3. The method for labeling ambiguous words in text as recited in claim 1, further comprising: the process of constructing the semantic vector generation algorithm comprises the following steps:

inputting an original corpus D, a dictionary dic of each word and the corresponding semantic context related vector, and a cosine distance threshold epsilon

Initialize dic to null

foreach document d in D do

for i←0 to len(d)-1 do

If the current semantics

Not in the dictionary dic, but,

will be provided with

Is assigned to w _i #s；

Will be provided with

Is assigned to

Will be provided with

Add to dictionary

Performing the following steps;

will w _i Addition of # s to pd _i The preparation method comprises the following steps of (1) performing;

if not, then,

initializing minDist =1 and minIndex =0;

initializing found = False;

4. the method for labeling ambiguous words in text as recited in claim 1, further comprising: before inputting an original corpus to be processed, preprocessing the original corpus is required, including: unifying case letters, deleting all stop words, deleting documents containing less than three words.
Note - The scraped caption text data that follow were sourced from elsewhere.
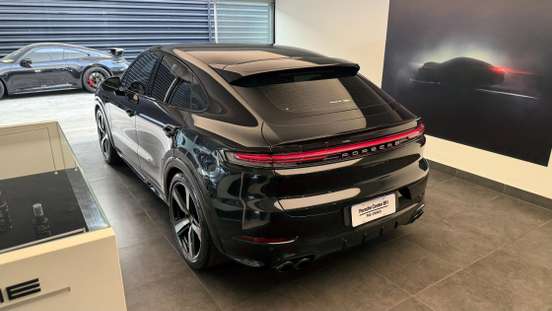 PORSCHE-CAYENNE-2025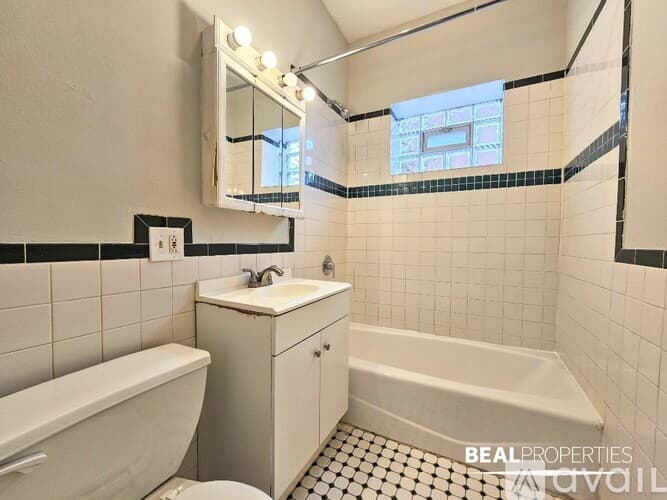 Chicago Condo: 2244 W Wilson Ave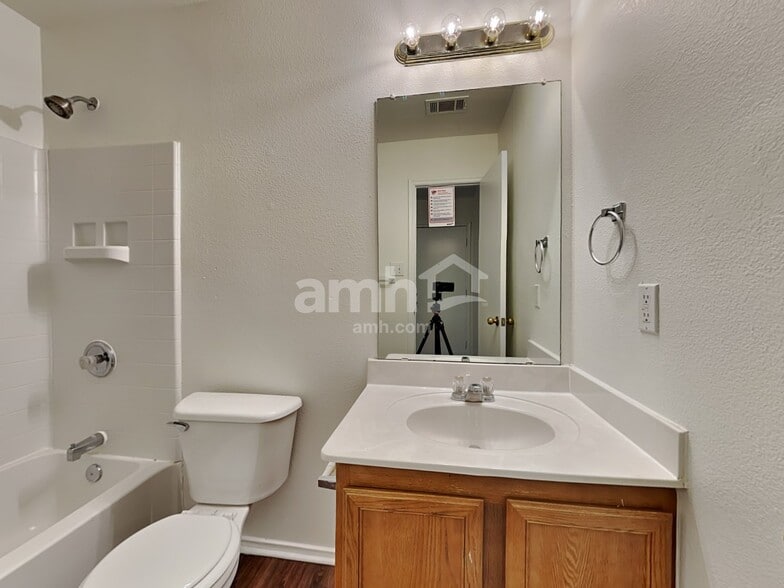 Building Photo - 4937 Diamond Trace Trl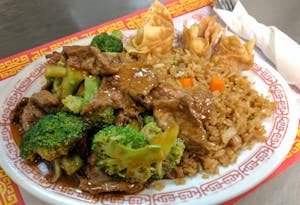 C6. Chicken or Beef with Broccoli Image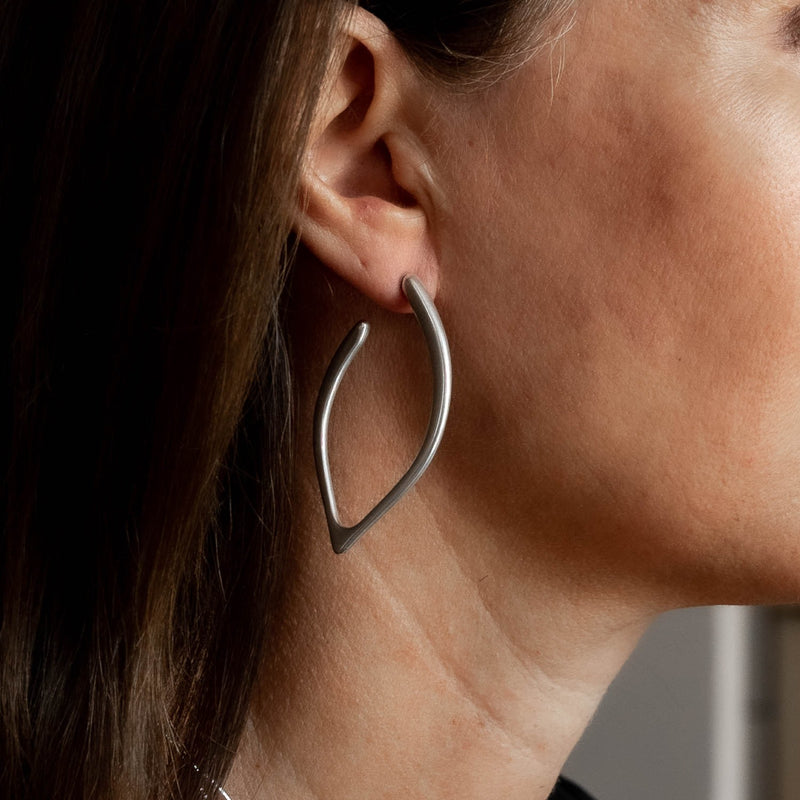 Unique statement earrings to power up your outfit (E-4034)​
5. A computer device comprising a memory, a processor and a computer program stored on the memory and executable on the processor, characterized in that the processor implements the steps of the method of any one of claims 1 to 4 when executing the program.

6. A processor, characterized in that the processor is configured to run a program, wherein the program when running performs the method of any of claims 1 to 4.

7. A computer-readable storage medium, on which a computer program is stored which, when being executed by a processor, carries out the steps of the method of any one of claims 1 to 4.